[[ DATASET ENTRIES, beginning ]]

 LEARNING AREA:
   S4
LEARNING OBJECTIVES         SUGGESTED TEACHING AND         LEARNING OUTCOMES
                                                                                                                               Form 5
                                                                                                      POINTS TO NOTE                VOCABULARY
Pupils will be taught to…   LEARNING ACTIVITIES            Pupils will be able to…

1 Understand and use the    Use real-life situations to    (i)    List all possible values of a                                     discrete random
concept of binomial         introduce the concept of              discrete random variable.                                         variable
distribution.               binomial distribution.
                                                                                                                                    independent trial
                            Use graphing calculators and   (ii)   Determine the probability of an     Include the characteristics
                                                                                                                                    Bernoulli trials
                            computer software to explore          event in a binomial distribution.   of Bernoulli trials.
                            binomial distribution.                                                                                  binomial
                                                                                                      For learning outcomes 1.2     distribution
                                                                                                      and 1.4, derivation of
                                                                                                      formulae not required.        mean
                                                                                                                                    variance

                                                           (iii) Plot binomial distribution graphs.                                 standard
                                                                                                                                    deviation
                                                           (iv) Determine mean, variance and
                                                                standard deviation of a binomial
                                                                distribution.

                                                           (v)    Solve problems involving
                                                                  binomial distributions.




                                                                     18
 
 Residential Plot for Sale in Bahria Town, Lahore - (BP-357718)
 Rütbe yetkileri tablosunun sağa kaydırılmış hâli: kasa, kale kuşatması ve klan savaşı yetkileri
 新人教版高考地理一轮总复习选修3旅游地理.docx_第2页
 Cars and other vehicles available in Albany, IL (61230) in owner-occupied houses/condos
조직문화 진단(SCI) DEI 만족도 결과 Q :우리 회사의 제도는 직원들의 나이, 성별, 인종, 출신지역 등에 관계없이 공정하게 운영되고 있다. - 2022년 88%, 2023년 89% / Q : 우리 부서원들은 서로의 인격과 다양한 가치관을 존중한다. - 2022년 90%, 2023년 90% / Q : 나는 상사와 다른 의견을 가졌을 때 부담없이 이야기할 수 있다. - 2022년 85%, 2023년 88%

[[ DATASET ENTRIES, end ]]

ABOUT THIS EXERCISE —
Lines above that include the string "Bernoulli" need to be copied.

TASK OUTPUT —
                                                                                                                                    Bernoulli trials
                            computer software to explore          event in a binomial distribution.   of Bernoulli trials.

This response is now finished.